» Exercise requirements: Every line in the listing below from the one with "Happy Valentine's Day Love Card" through the one with "Rangerover Head Light" is to be reproduced exactly, both ends included; leave out the rest.
• • •
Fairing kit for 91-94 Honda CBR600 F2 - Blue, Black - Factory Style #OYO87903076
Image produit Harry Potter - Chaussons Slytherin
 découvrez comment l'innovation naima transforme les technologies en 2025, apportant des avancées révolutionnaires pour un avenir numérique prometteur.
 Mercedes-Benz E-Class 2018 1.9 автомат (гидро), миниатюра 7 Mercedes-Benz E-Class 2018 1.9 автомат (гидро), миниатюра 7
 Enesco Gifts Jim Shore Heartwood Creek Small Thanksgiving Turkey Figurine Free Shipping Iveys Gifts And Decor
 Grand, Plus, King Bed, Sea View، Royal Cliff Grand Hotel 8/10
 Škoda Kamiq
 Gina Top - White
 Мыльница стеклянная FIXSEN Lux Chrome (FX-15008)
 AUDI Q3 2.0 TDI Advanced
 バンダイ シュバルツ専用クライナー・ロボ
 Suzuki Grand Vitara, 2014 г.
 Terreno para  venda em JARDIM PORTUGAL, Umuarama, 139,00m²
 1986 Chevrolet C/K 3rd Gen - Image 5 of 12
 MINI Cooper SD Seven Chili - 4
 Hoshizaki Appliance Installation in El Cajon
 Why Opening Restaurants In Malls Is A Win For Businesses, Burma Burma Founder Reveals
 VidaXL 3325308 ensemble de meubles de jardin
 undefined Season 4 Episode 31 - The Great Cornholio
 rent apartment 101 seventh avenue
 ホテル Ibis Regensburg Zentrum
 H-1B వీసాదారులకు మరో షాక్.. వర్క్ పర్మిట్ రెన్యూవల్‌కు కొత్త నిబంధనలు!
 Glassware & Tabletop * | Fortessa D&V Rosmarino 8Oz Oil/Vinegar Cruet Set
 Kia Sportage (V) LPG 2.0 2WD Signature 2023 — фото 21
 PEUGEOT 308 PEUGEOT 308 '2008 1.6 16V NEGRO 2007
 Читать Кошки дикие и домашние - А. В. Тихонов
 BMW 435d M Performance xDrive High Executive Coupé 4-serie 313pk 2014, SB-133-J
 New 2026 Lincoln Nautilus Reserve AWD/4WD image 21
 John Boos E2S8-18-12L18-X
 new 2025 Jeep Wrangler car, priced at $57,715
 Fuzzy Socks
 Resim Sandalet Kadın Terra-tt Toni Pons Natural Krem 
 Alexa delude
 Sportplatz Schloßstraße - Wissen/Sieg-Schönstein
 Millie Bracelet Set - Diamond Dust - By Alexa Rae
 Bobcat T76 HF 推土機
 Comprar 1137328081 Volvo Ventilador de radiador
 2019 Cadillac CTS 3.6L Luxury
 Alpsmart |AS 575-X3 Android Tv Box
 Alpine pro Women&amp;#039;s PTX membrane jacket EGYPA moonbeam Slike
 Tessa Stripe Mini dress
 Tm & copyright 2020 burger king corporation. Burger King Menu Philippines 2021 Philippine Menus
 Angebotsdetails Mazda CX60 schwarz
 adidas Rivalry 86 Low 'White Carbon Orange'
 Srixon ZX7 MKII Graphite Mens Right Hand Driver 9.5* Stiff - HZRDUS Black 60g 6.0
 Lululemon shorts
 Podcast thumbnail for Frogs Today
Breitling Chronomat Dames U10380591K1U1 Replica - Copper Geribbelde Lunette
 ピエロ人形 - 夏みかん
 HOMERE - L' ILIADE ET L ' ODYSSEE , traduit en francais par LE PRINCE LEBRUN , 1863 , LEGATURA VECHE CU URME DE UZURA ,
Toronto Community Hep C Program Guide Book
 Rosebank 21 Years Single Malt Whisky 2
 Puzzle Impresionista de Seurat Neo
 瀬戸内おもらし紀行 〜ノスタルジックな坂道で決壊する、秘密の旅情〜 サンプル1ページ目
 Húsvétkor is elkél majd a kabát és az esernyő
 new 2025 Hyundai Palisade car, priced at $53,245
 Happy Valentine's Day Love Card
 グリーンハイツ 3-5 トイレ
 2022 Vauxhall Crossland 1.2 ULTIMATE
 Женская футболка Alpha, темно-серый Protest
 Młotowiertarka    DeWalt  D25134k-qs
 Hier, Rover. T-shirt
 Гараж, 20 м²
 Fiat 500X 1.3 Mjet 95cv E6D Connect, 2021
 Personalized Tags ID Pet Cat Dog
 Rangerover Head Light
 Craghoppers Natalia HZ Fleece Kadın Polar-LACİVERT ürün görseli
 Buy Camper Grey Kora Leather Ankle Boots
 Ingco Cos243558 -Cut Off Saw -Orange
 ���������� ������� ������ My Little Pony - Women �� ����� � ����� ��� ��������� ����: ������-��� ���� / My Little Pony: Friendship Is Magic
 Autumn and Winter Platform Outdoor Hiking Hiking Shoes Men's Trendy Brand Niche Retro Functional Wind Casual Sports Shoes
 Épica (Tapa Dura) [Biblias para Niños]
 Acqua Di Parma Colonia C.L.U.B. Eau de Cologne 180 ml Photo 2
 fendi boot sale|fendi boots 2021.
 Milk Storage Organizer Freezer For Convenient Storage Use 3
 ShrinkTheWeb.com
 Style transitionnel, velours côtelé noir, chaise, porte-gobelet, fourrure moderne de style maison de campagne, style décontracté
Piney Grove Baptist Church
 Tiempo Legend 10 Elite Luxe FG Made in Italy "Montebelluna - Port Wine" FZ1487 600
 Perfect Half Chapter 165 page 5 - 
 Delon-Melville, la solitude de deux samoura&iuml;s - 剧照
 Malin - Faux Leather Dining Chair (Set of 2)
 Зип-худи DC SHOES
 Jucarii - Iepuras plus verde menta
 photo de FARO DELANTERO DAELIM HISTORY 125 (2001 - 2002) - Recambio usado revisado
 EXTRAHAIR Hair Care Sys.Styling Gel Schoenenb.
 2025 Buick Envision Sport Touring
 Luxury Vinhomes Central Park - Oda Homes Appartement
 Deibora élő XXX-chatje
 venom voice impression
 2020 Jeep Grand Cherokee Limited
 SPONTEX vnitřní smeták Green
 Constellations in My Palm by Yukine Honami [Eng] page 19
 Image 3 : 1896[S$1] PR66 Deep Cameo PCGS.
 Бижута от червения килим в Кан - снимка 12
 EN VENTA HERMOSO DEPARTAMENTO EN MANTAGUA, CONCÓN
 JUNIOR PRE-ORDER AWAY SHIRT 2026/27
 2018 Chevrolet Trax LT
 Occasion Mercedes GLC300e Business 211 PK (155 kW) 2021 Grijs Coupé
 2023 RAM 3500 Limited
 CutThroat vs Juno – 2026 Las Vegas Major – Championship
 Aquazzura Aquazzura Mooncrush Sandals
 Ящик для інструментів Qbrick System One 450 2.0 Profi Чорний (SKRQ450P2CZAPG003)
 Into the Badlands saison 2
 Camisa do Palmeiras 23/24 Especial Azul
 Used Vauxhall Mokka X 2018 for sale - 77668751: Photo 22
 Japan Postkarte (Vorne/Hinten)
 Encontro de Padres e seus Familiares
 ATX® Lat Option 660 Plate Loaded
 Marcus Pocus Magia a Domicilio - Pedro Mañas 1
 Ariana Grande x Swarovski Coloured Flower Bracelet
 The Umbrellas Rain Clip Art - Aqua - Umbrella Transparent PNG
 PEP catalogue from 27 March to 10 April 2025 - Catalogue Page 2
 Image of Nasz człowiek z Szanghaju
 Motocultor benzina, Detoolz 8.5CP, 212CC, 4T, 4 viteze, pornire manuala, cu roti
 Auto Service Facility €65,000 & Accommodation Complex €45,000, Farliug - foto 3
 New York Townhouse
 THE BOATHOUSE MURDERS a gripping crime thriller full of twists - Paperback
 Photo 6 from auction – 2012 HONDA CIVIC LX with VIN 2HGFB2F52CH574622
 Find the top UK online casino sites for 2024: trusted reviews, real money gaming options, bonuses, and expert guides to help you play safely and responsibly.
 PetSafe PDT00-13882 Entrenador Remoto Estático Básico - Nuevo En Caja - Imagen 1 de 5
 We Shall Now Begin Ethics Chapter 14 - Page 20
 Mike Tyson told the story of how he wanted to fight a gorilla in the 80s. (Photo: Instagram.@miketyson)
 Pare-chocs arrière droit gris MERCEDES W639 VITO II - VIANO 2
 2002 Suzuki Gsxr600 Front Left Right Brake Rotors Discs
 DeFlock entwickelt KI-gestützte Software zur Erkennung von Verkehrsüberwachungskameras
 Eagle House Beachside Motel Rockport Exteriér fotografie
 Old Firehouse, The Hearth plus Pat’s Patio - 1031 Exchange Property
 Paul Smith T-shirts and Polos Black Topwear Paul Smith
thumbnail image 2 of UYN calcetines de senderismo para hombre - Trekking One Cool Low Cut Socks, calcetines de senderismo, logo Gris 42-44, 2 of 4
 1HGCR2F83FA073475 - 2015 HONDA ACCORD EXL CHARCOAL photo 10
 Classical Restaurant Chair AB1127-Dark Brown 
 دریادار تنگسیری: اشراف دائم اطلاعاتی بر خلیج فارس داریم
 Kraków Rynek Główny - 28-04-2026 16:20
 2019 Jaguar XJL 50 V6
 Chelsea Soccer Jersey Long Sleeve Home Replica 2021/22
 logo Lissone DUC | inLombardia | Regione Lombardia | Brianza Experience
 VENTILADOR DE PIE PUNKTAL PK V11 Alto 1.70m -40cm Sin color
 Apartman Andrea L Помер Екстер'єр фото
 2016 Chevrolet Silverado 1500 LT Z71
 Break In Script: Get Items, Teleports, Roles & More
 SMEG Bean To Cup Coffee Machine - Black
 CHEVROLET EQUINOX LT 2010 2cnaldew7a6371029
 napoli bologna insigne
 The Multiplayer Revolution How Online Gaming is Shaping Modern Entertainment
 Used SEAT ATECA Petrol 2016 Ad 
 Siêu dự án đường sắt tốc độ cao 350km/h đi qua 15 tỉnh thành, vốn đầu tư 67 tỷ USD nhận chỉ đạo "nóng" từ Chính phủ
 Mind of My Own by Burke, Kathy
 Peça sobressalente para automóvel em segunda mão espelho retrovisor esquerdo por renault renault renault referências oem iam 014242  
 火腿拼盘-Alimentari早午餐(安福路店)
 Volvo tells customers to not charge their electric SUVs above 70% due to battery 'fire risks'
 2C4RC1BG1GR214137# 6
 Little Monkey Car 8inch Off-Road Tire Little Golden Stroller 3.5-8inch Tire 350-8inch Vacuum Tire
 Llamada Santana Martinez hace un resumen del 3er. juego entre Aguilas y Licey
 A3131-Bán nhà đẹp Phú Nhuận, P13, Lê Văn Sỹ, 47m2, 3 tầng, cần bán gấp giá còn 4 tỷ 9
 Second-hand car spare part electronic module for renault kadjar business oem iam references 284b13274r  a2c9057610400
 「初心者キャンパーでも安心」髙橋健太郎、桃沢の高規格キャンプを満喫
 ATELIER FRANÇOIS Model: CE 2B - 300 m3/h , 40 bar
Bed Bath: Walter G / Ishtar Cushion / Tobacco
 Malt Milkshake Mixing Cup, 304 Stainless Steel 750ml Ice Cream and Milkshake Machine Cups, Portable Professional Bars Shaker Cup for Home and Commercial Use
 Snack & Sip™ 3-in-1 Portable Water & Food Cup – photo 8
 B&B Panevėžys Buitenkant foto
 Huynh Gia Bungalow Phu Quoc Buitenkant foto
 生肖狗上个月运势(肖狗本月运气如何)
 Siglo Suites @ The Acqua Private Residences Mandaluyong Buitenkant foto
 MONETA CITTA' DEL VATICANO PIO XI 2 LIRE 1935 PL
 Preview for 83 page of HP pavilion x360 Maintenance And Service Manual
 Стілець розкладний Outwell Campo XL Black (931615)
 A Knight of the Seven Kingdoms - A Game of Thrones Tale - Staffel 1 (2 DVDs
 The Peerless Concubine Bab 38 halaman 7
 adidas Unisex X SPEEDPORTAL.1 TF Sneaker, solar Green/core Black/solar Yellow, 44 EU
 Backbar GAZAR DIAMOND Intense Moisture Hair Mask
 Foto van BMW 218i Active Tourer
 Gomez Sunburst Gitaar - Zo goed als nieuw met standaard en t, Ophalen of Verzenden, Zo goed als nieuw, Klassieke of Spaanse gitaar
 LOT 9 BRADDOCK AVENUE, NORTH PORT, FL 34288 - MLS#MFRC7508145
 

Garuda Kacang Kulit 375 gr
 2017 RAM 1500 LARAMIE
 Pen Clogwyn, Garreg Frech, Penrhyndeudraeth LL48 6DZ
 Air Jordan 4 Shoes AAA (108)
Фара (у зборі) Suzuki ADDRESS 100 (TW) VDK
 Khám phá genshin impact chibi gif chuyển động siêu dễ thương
• • •
» Solved exercise:
 Happy Valentine's Day Love Card
 グリーンハイツ 3-5 トイレ
 2022 Vauxhall Crossland 1.2 ULTIMATE
 Женская футболка Alpha, темно-серый Protest
 Młotowiertarka    DeWalt  D25134k-qs
 Hier, Rover. T-shirt
 Гараж, 20 м²
 Fiat 500X 1.3 Mjet 95cv E6D Connect, 2021
 Personalized Tags ID Pet Cat Dog
 Rangerover Head Light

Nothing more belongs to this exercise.